### Data supplied
=======

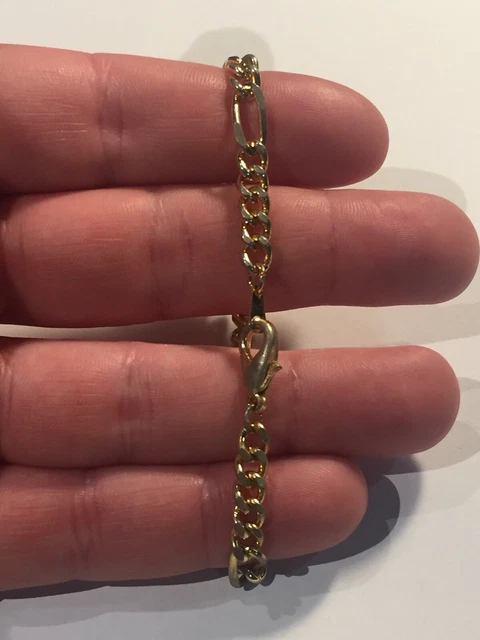 Bracelet Plaqué Or - Style Simple Et élégant - Occasion
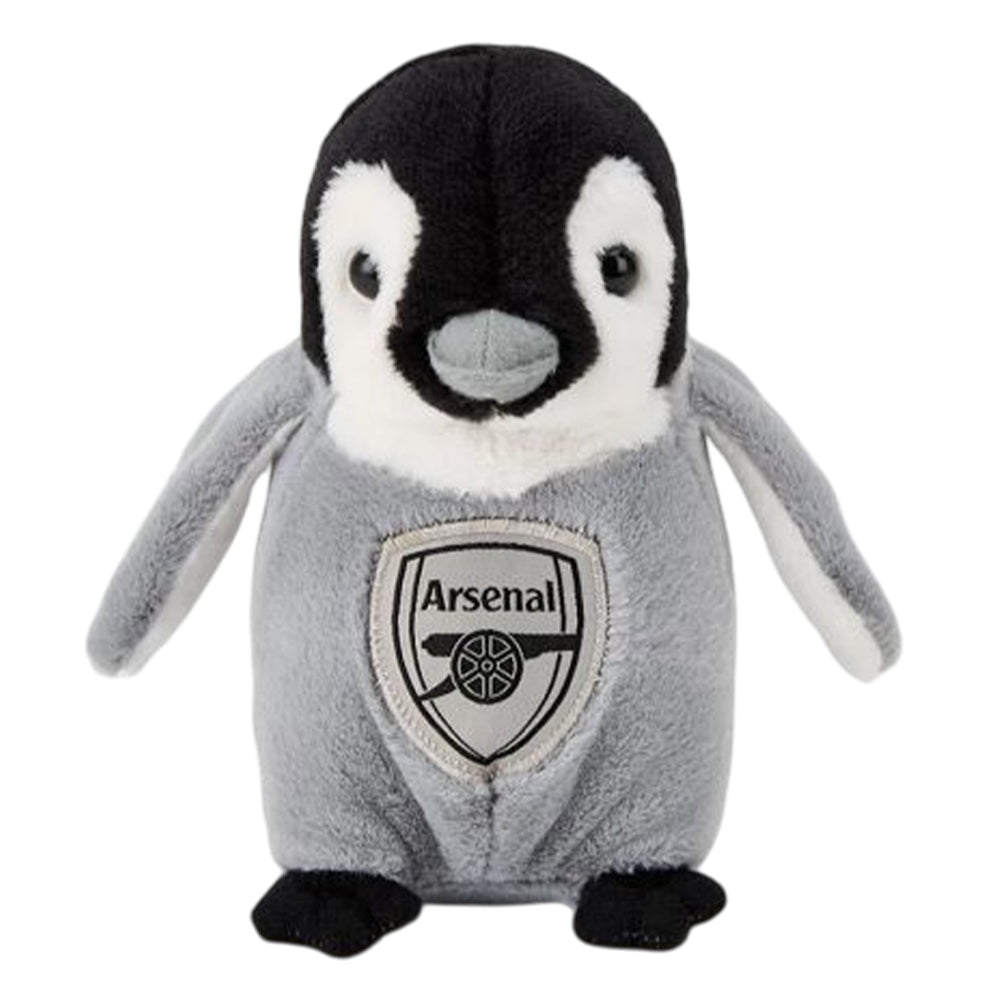 Grey-Black - Front - Arsenal FC Penguin Plush Toy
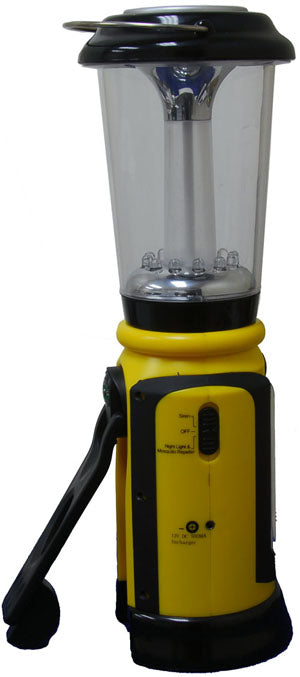 Yellowbug Mosquito Repeller with AM/FM Radio and 12+3 LED Camping Flashlight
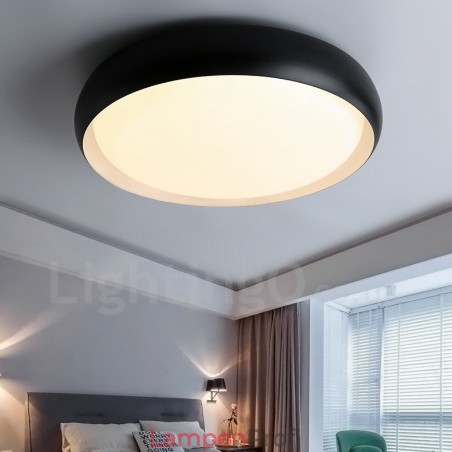 Moderne, zeitgenössische, integrierte Deckenleuchte aus Metall Moderne, zeitgenössische, integrierte Deckenleuchte aus Metall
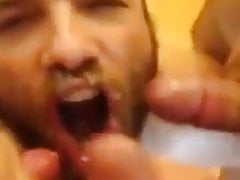 Guy Takes 3Way Facial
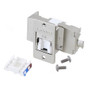 Panel Mount Category 6 Shielded Keystone Jack Tool-less w/ PoE+ Compliance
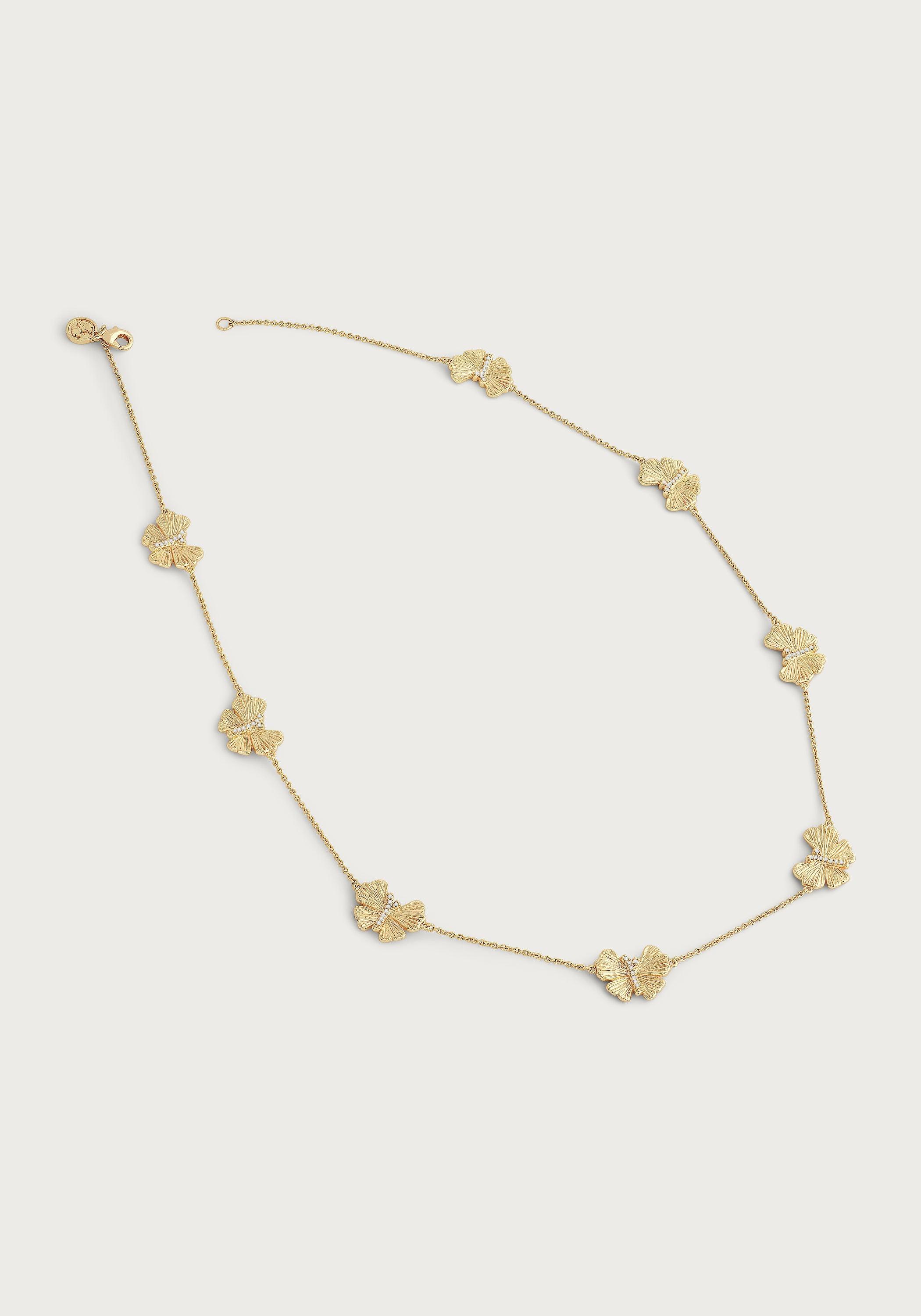 Butterfly Gold Station Necklace - Anabel Aram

=======

### Task directions
Begin at the line containing "Grey-Black - Front" and restate exactly every line through the end of the material, skipping the pictures.

### Solution for this problem
 Grey-Black - Front - Arsenal FC Penguin Plush Toy
 Yellowbug Mosquito Repeller with AM/FM Radio and 12+3 LED Camping Flashlight
 Moderne, zeitgenössische, integrierte Deckenleuchte aus Metall Moderne, zeitgenössische, integrierte Deckenleuchte aus Metall
 Guy Takes 3Way Facial
 Panel Mount Category 6 Shielded Keystone Jack Tool-less w/ PoE+ Compliance
 Butterfly Gold Station Necklace - Anabel Aram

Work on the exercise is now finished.